--- Data for analysis ---

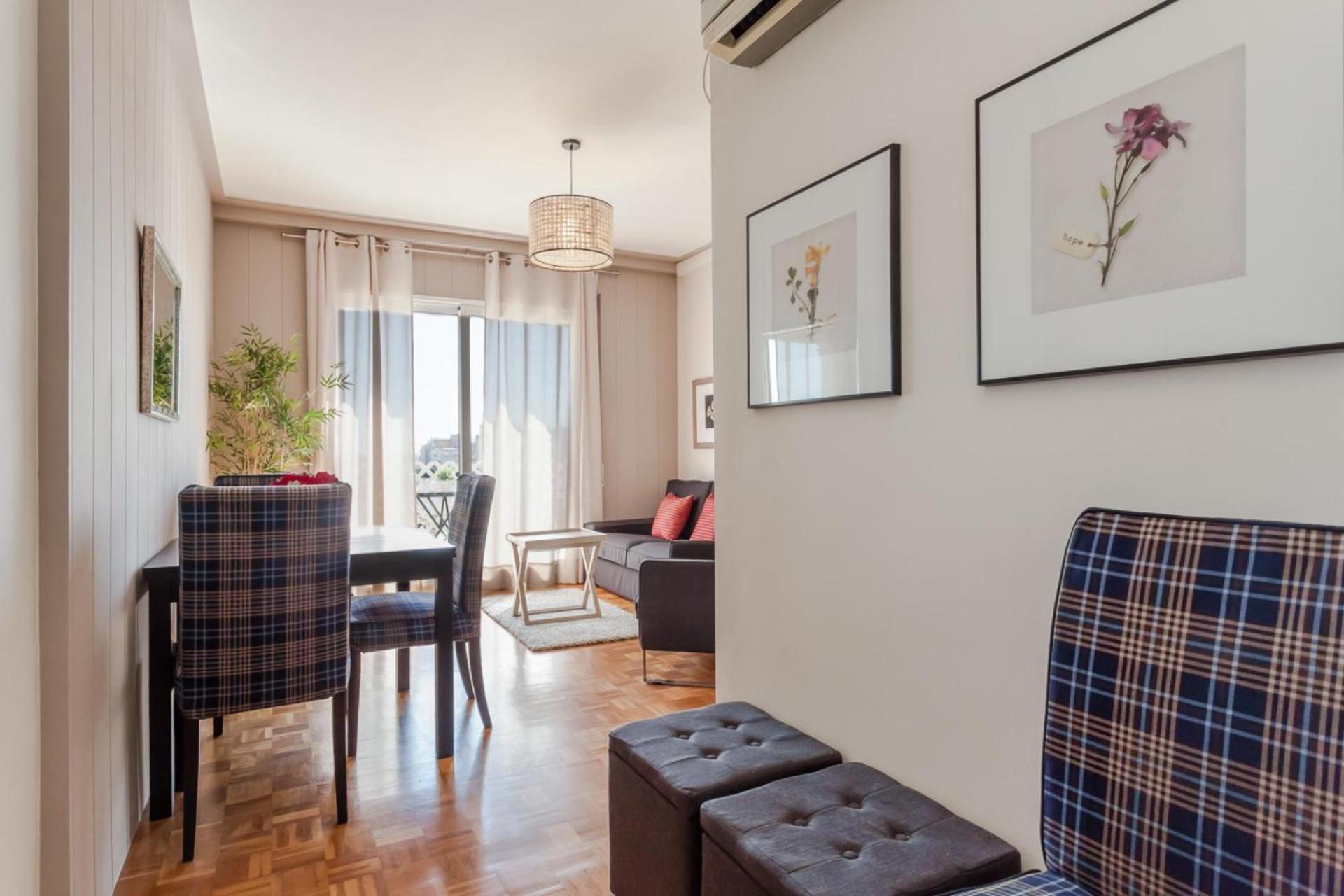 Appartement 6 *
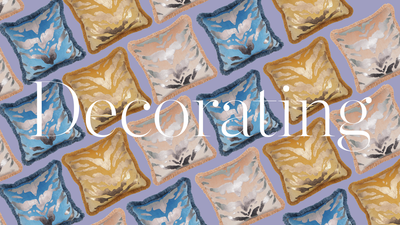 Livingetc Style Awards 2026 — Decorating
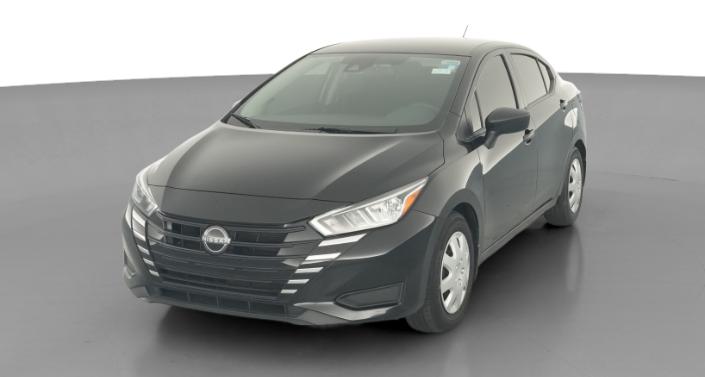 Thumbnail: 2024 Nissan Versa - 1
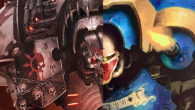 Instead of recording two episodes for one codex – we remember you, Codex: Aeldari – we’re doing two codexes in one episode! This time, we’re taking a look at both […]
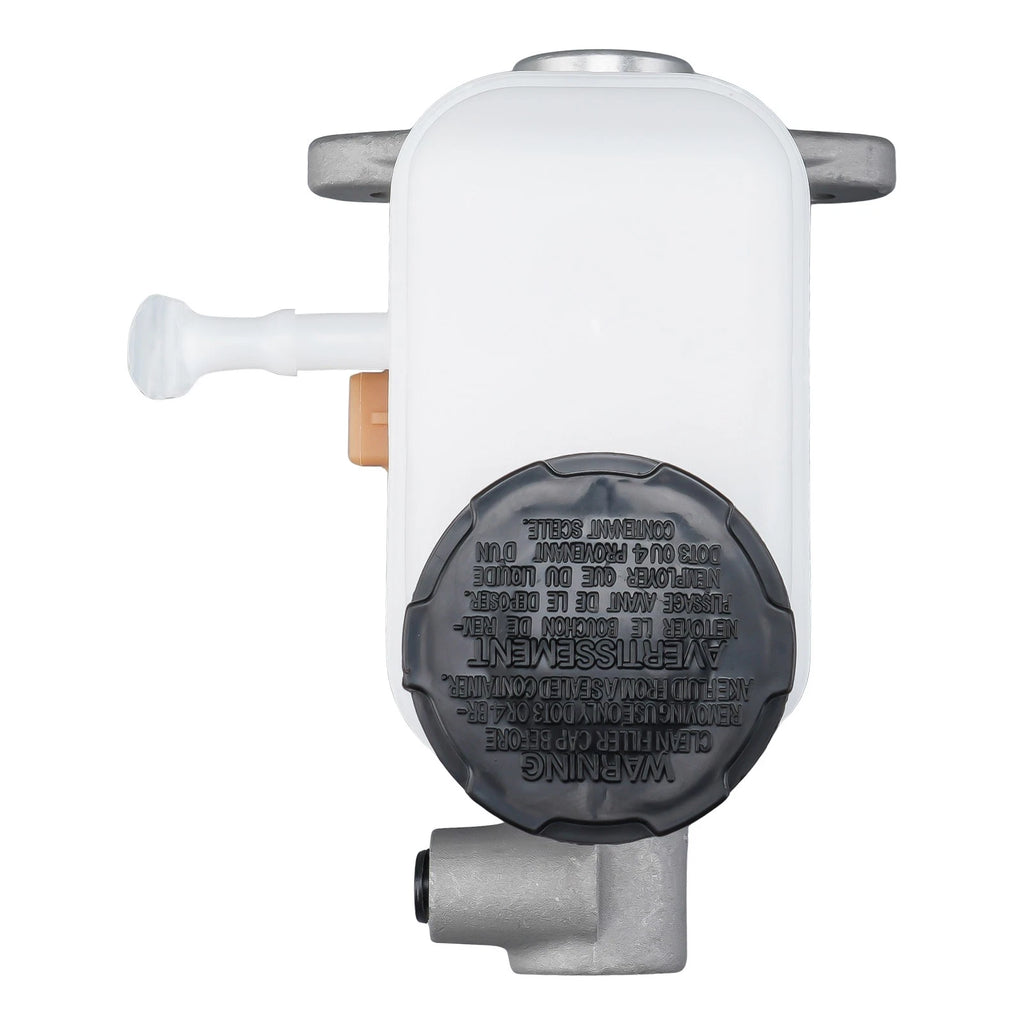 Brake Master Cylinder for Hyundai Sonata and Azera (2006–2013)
...
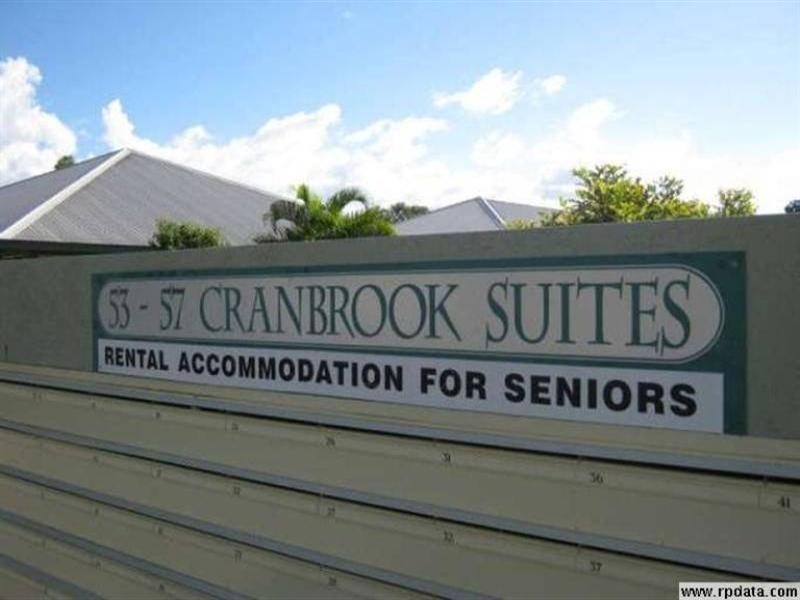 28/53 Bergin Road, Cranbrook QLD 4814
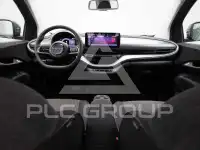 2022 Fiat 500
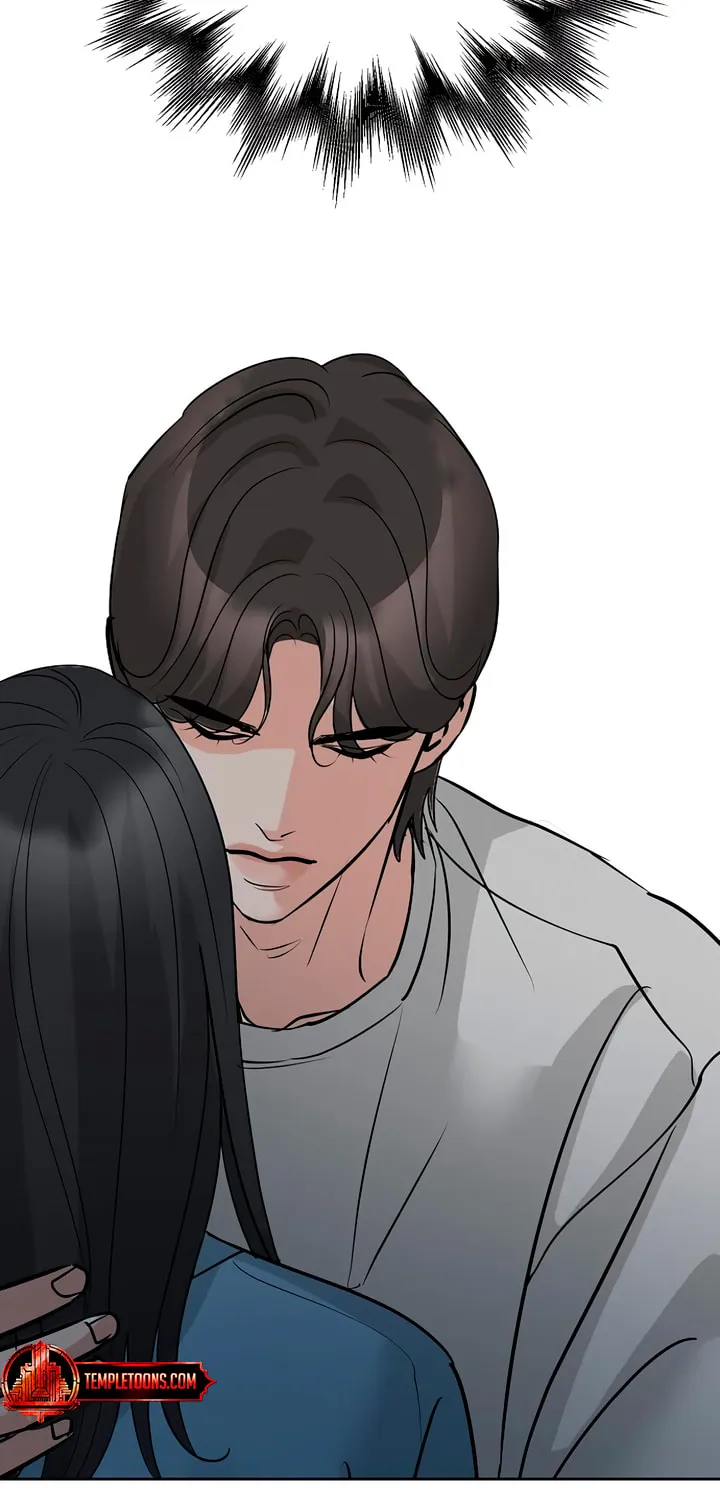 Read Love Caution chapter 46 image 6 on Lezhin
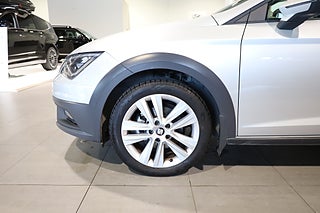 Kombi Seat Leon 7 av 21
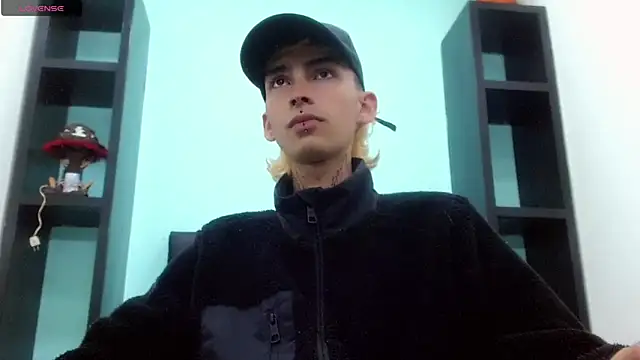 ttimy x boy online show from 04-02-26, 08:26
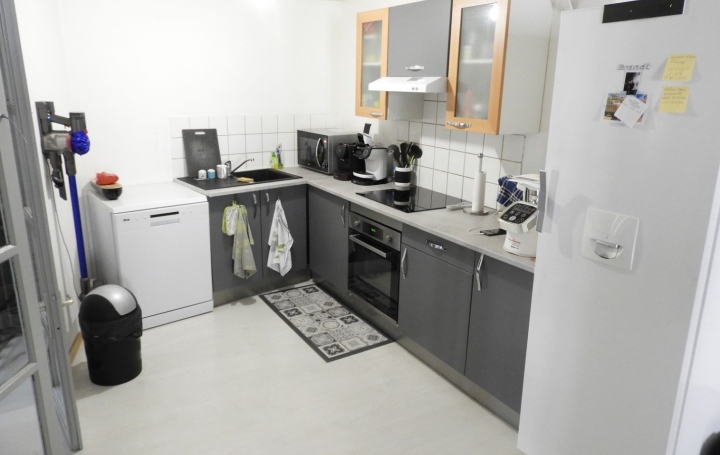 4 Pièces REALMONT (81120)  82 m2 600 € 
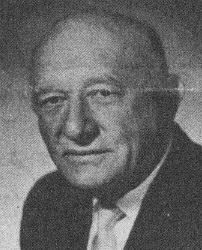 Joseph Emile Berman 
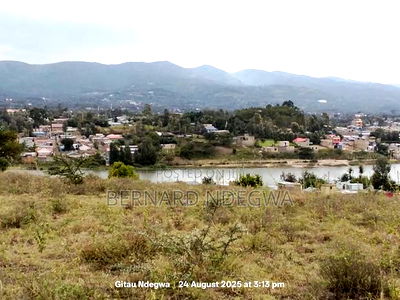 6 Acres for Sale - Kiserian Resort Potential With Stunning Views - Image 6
---
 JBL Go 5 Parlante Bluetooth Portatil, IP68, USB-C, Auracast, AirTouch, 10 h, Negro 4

--- Exercise details ---
Within the listing above, print exactly the stretch beginning at the line that contains "2022 Fiat 500" and finishing at the line that contains "6 Acres for", ends kept, pictures left out, and nothing more.

--- Worked solution ---
 2022 Fiat 500
 Read Love Caution chapter 46 image 6 on Lezhin
 Kombi Seat Leon 7 av 21
 ttimy x boy online show from 04-02-26, 08:26
 4 Pièces REALMONT (81120)  82 m2 600 € 
 Joseph Emile Berman 
 6 Acres for Sale - Kiserian Resort Potential With Stunning Views - Image 6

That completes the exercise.